Georgia Tech assistant professor Martin Maldovan holds a small thermoelectric device that turns cold on one side when current is applied. Recent research has focused on the possibility of using interference effects in phonon waves to control heat transport in materials. (Credit: John Toon, Georgia Tech)

A growing interest in thermoelectric materials – which convert waste heat to electricity – and pressure to improve heat transfer from increasingly powerful microelectronic devices have led to improved theoretical and experimental understanding of how heat is transported through nanometer-scale materials.

Recent research has focused on the possibility of using interference effects in phonon waves to control heat transport in materials. Wave interference is already used to control electronic, photonic and acoustic devices. If a similar approach can be used in thermal transport, that could facilitate development of more efficient thermoelectric and nanoelectronic devices, improved thermal barrier coatings, and new materials with ultralow thermal conductivity.

A progress article published June 23 in the journal Nature Materials describes recent developments and predicts future advances in phonon wave interference and thermal bandgap materials.
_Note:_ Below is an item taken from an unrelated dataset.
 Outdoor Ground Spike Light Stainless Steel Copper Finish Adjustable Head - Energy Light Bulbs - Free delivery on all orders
“If you can make heat behave as a wave and have interference while controlling how far it moves, you could basically control all the properties behind heat transport,” said Martin Maldovan, an assistant professor in the School of Chemical and Biomolecular Engineering and School of Physics at the Georgia Institute of Technology, and the paper’s author. “This would be a completely new way to understand and manipulate heat.”
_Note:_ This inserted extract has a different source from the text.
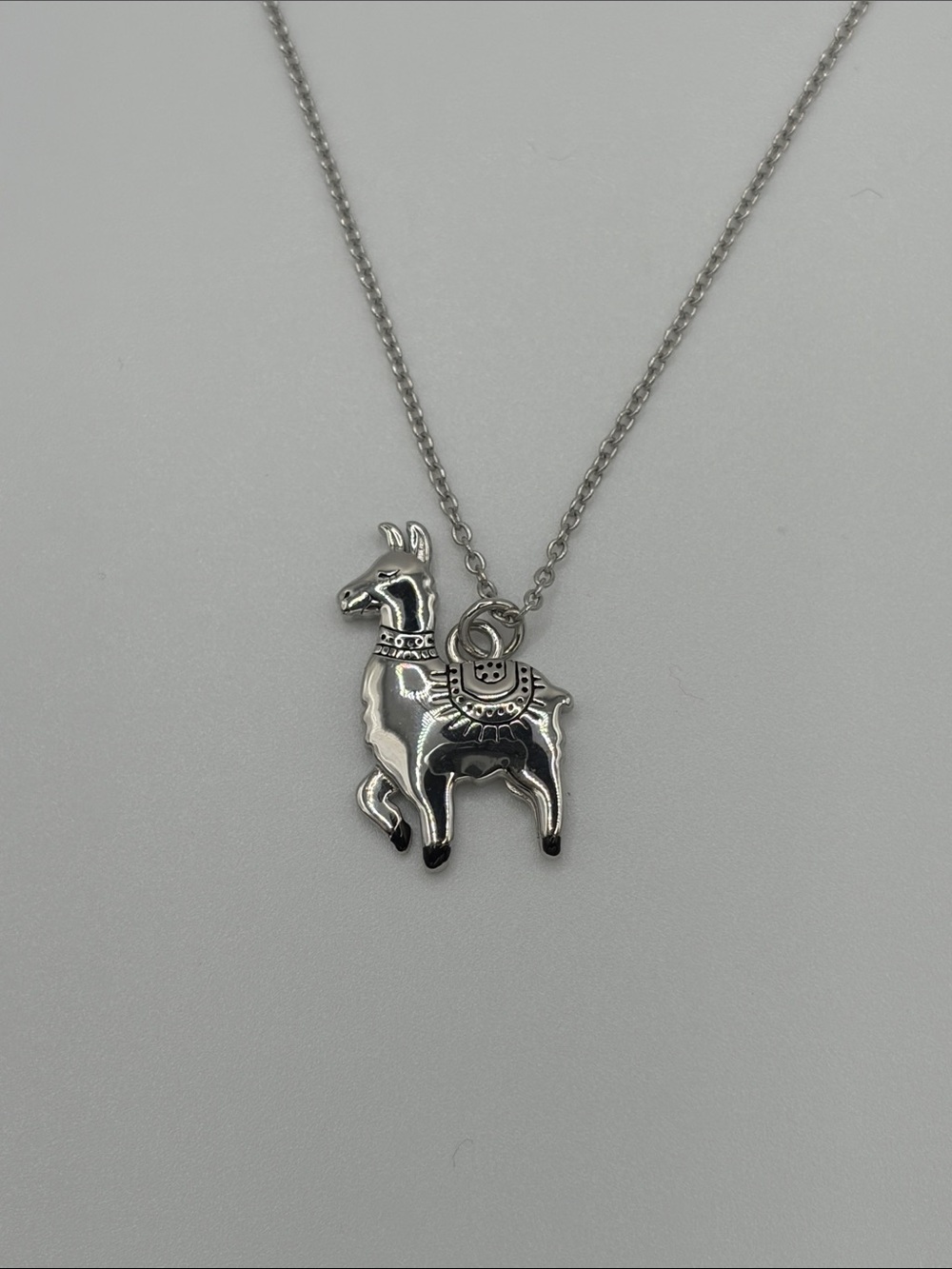 Sterling Silver 925 Llama Alpaca Pendant Necklace adjustable chain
In the classic definition, heat consists of vibrations in the atomic lattices of materials. The more vibrations in a material’s structure, the hotter the material. And in the same way that white light is actually composed of many different colors of light, these thermal phonons are made up of many different frequencies – each carrying varying amounts of heat.
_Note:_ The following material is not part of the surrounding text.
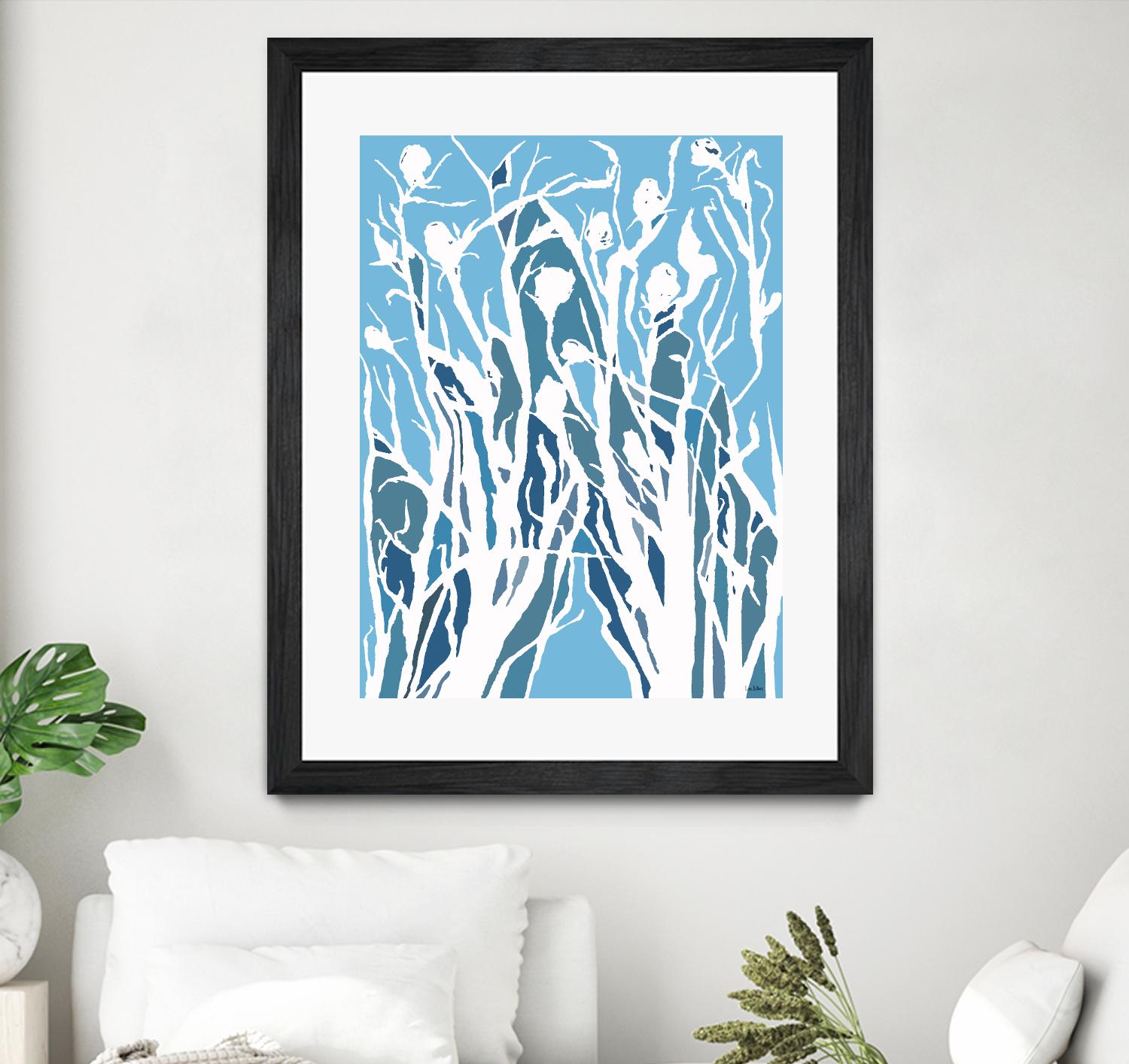 Vine and Dove - Shadow -27 by Lori Dubois on GIANT ART - blue linear grass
Recent developments have shown that thermal phonons can interfere with their own reflections. The observation suggests that thermal phonons must exist as waves similar to electronic, photonic or acoustic waves. This interference could potentially be used to modify the velocity of phonons and the density of states, creating energy bandgaps that are forbidden for phonon waves. Utilization of similar bandgaps in optical and electronic materials has been key to developing a wide range of useful devices.

Until now, heat transport in nanostructured materials has largely been controlled by introduction of atomic-scale impurities, interfaces, surfaces and nanoparticles that reduce heat flow by scattering the phonons diffusely. Controlling wave effects could facilitate new approaches involving the specular reflection and transmission of thermal vibrations at interfaces.

“Considering the remarkable success achieved when using electronic, photonic and phononic wave interference to manipulate electrons, light and sound waves, it is certainly valuable to extend these theories to thermal vibrations, thereby creating a fundamentally new approach for manipulating heat flow,” Maldovan wrote in the paper.

Thermoelectric materials capture waste heat from sources such as automobile exhausts or industrial processes to produce electricity. Improving these materials will require further reducing thermal conductivity to improve their efficiency.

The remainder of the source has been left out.